▶ [Your task] Please repeat every entry exactly as written, but skip the pictures.

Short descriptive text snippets
⁂

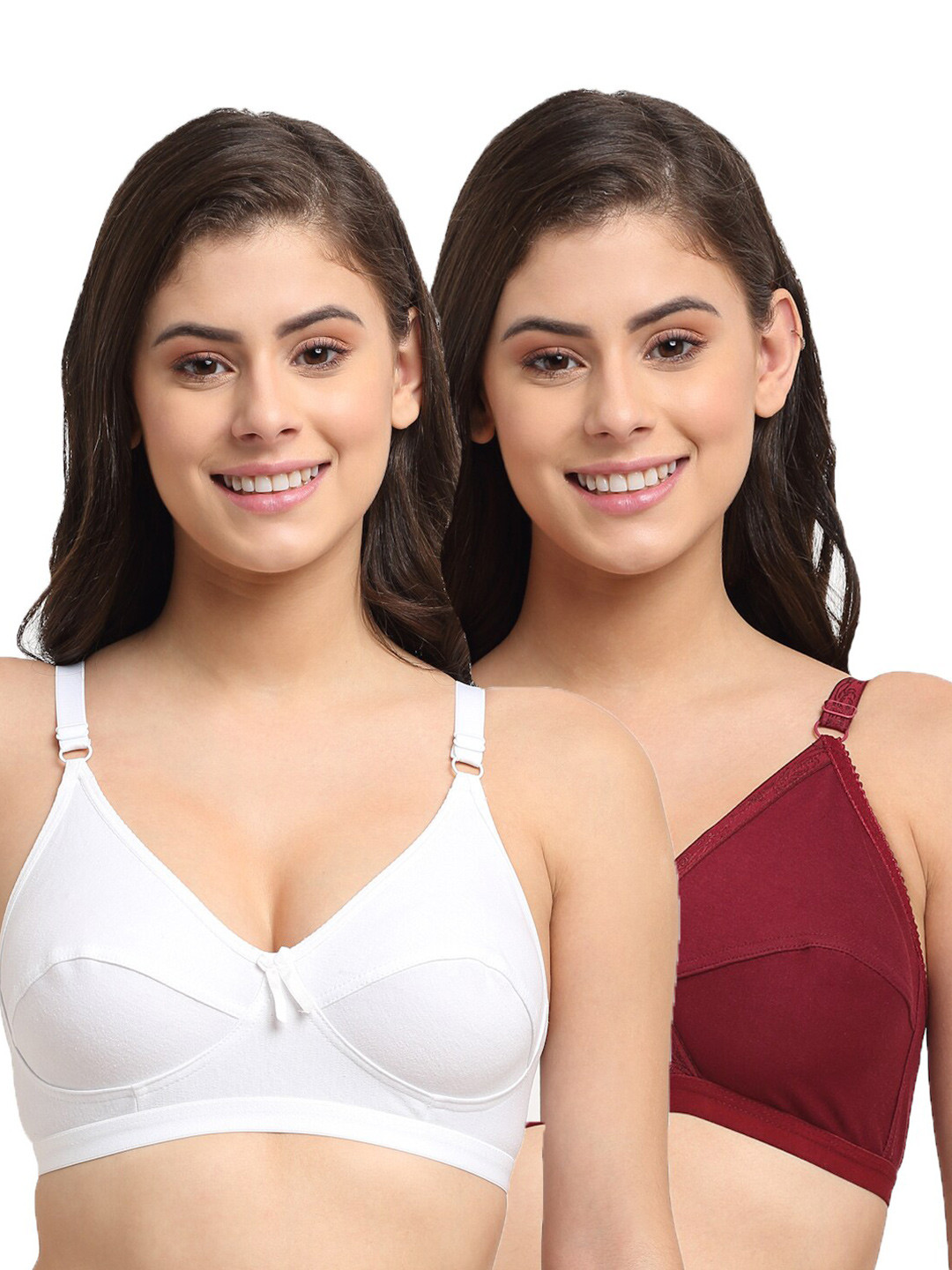 

Friskers Pack of 2 Maroon & White Solid Non wired Medium Coverage Cotton Everyday Bra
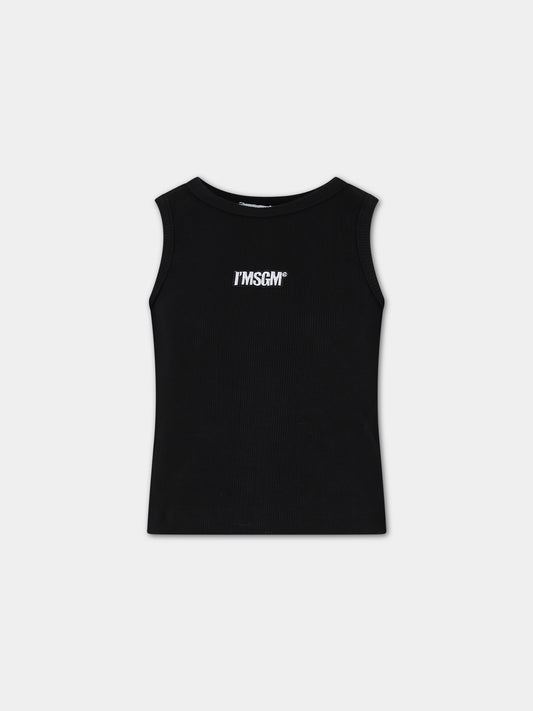 Canotta nera per bambina con logo,Msgm Kids,S4MSJGTA314 110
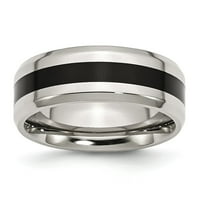 Čvrsti nehrđajući čelik, crna emajlana emajla, vjenčani prsten za vjenčane rubne prstene 9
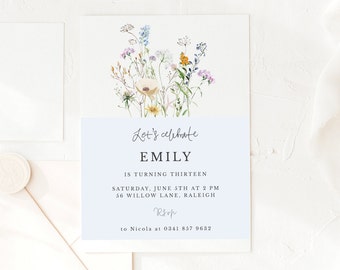 Wildflower Birthday Invitation | Meadow Garden Flowers Invite | Printable Flower Invitation | Picnic Party | Editable Template Corjl | 011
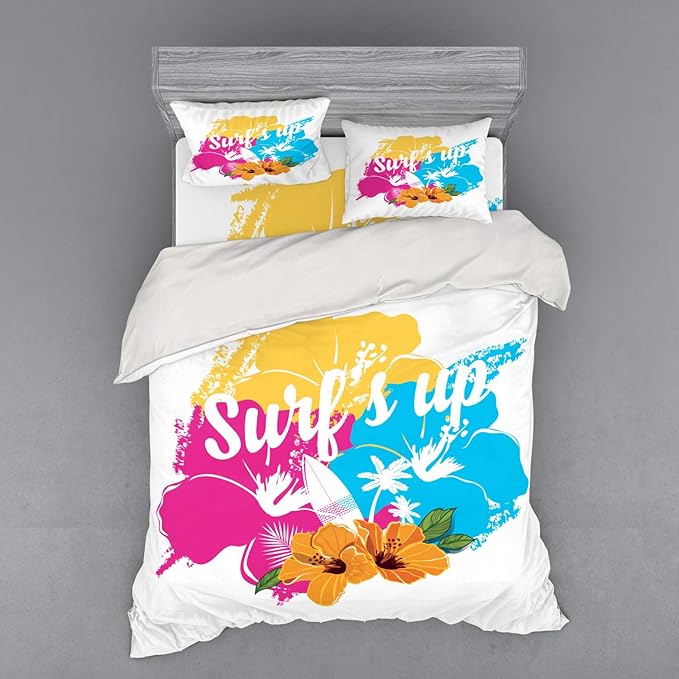 Ambesonne Beach Saying Bedding Set, Tropical Hawaiian Hibiscus Flower Bouquet and Surf up Phrase with Paddle Board, 4 Piec...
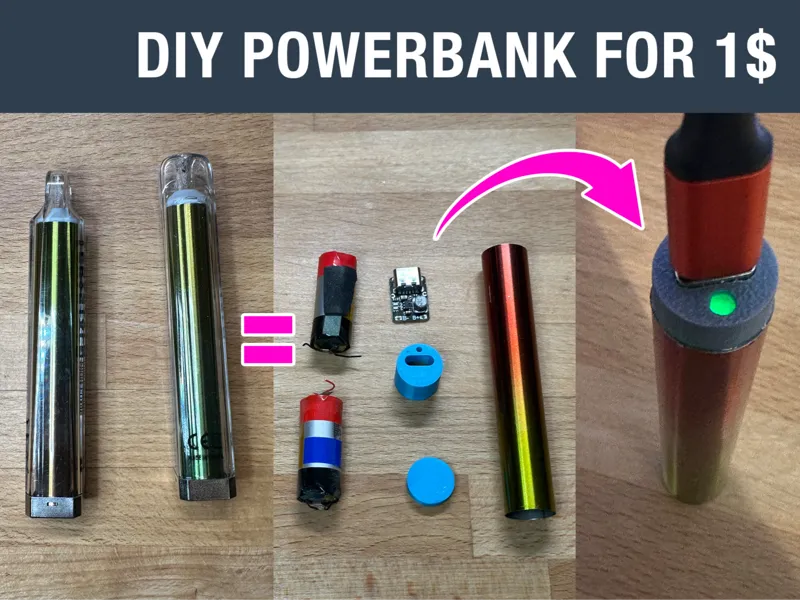 DIY power bank for $1 made from old e-cigarettes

⁂

▶ [Response to this task]
Friskers Pack of 2 Maroon & White Solid Non wired Medium Coverage Cotton Everyday Bra
 Canotta nera per bambina con logo,Msgm Kids,S4MSJGTA314 110
 Čvrsti nehrđajući čelik, crna emajlana emajla, vjenčani prsten za vjenčane rubne prstene 9
 Wildflower Birthday Invitation | Meadow Garden Flowers Invite | Printable Flower Invitation | Picnic Party | Editable Template Corjl | 011
 Ambesonne Beach Saying Bedding Set, Tropical Hawaiian Hibiscus Flower Bouquet and Surf up Phrase with Paddle Board, 4 Piec...
 DIY power bank for $1 made from old e-cigarettes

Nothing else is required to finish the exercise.